What to produce
The output consists only of the lines from the one with "Pack Double Astonishments）～「ワープ・ワン」と「フリーダム・パック」が１つに！～" through the end of the records, each printed exactly, and contains no pictures.

*** Data records ***

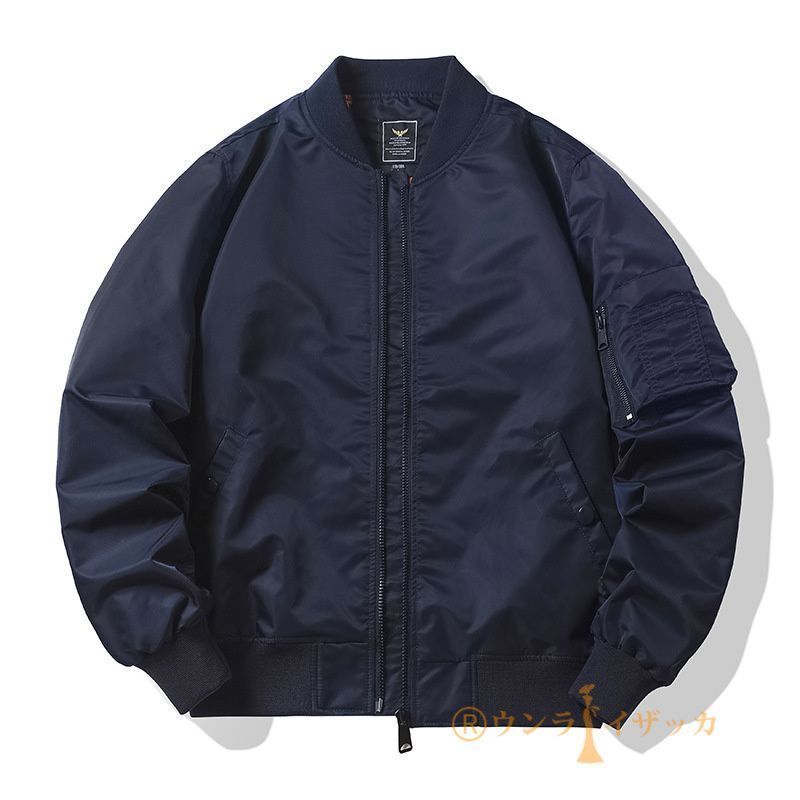 ミリタリージャケット ブルゾン 3色 M-6XLsize 秋冬 24zm847 BUZZ RICKSON'S バズリクソンズ L-2B パッチモデル フライト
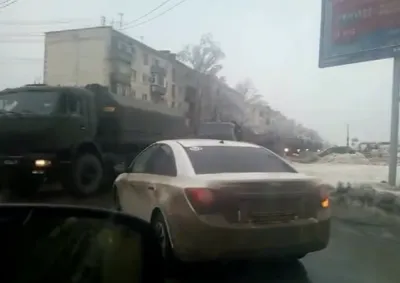 В Волгоград ввели войска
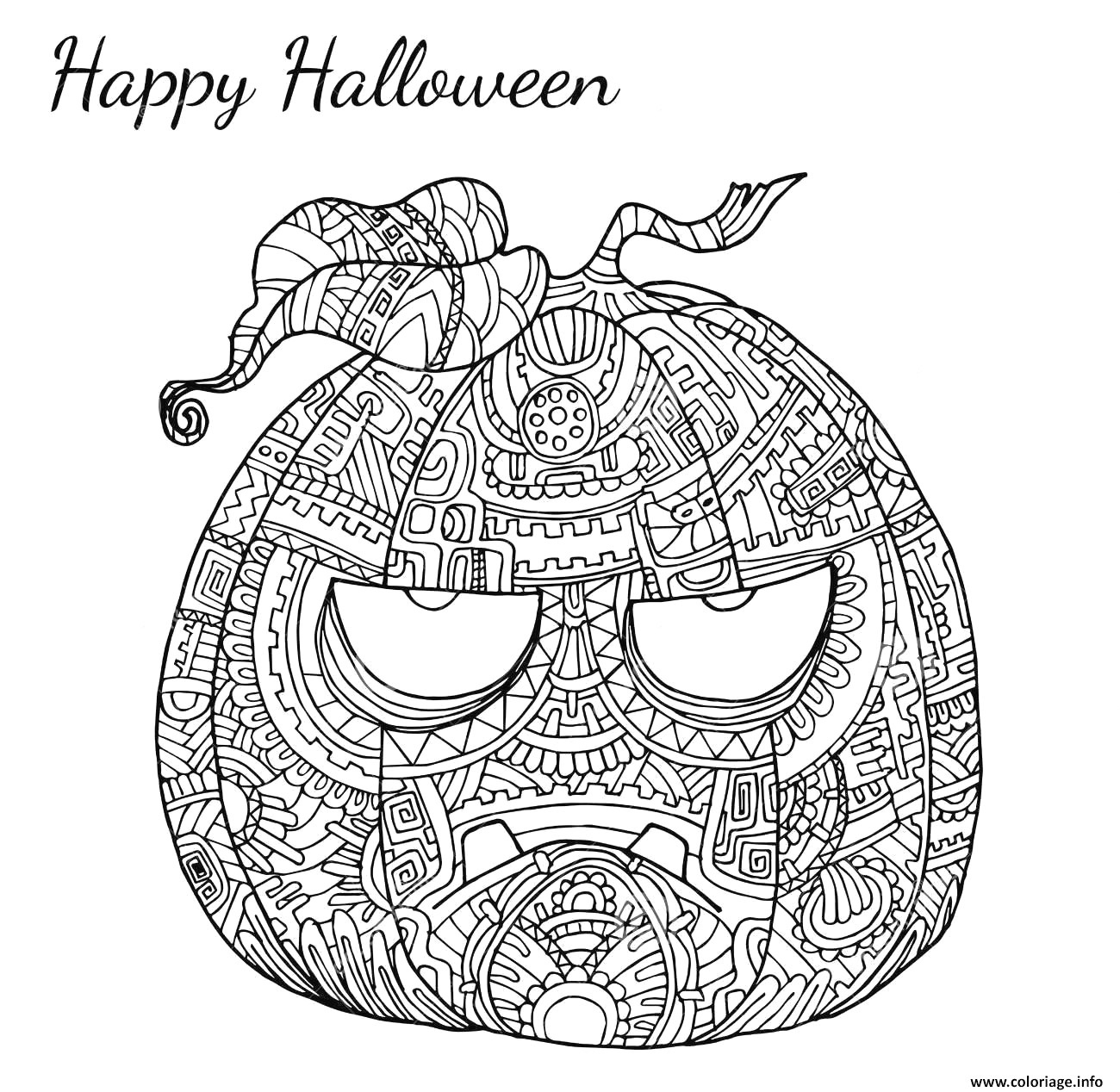 Dessin D'Halloween Qui Fait Tres Peur  Coloriage Kids encequiconcerne Dessin D Halloween Qui Fait Peur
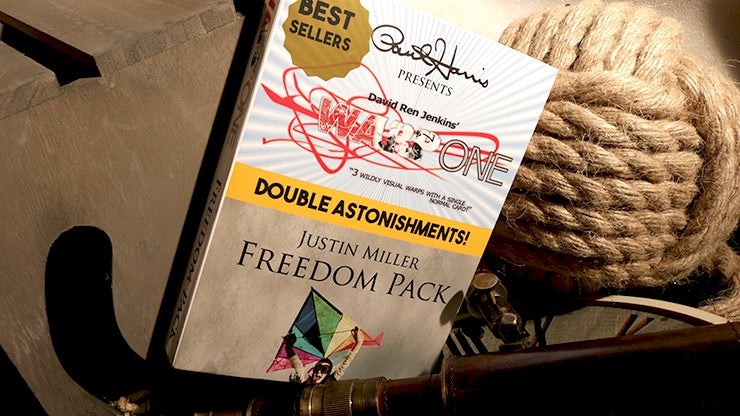 【ベストセラーがお買い得！】ダブル・アストニッシュメンツ（Warp One/Freedom Pack Double Astonishments）～「ワープ・ワン」と「フリーダム・パック」が１つに！～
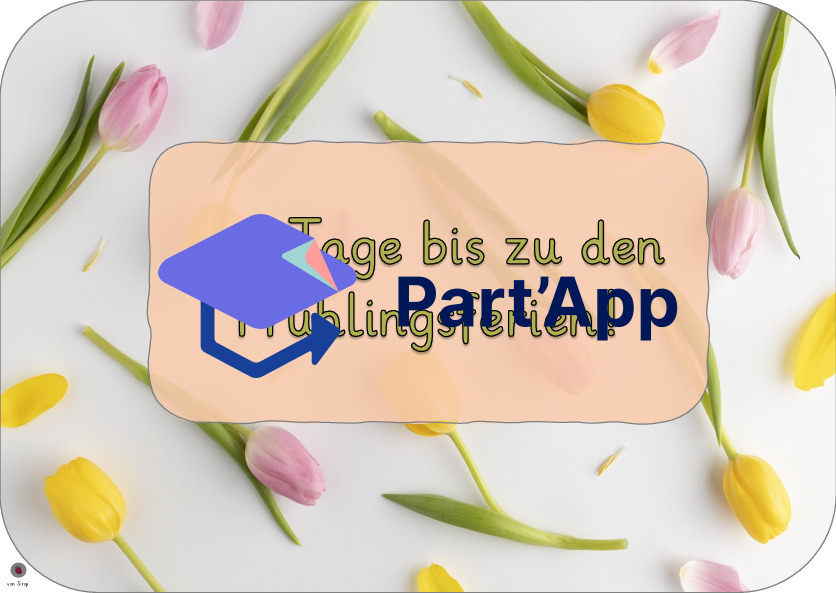 Countdown Frühling (Tage bis zu den Frühlingsferien)_35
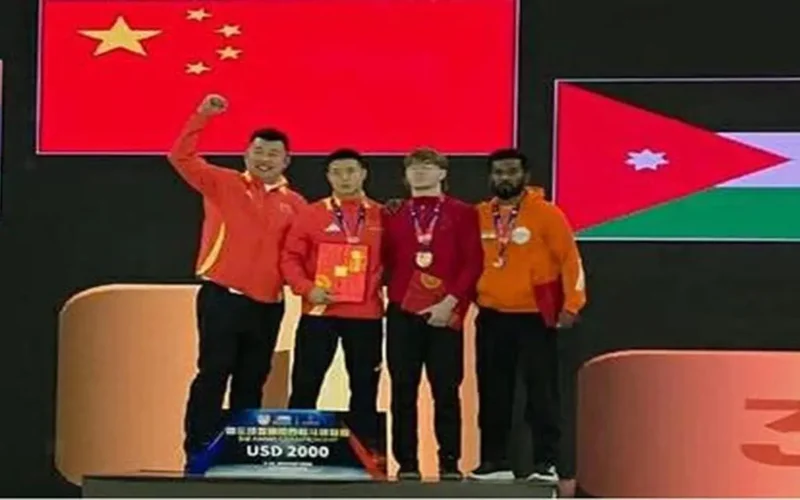 إنجاز آسيوي.. الكيالي يحرز ميدالية برونزية في فنون قتالية مختلطة 2025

*** End of Data records ***

Response
 【ベストセラーがお買い得！】ダブル・アストニッシュメンツ（Warp One/Freedom Pack Double Astonishments）～「ワープ・ワン」と「フリーダム・パック」が１つに！～
 Countdown Frühling (Tage bis zu den Frühlingsferien)_35
 إنجاز آسيوي.. الكيالي يحرز ميدالية برونزية في فنون قتالية مختلطة 2025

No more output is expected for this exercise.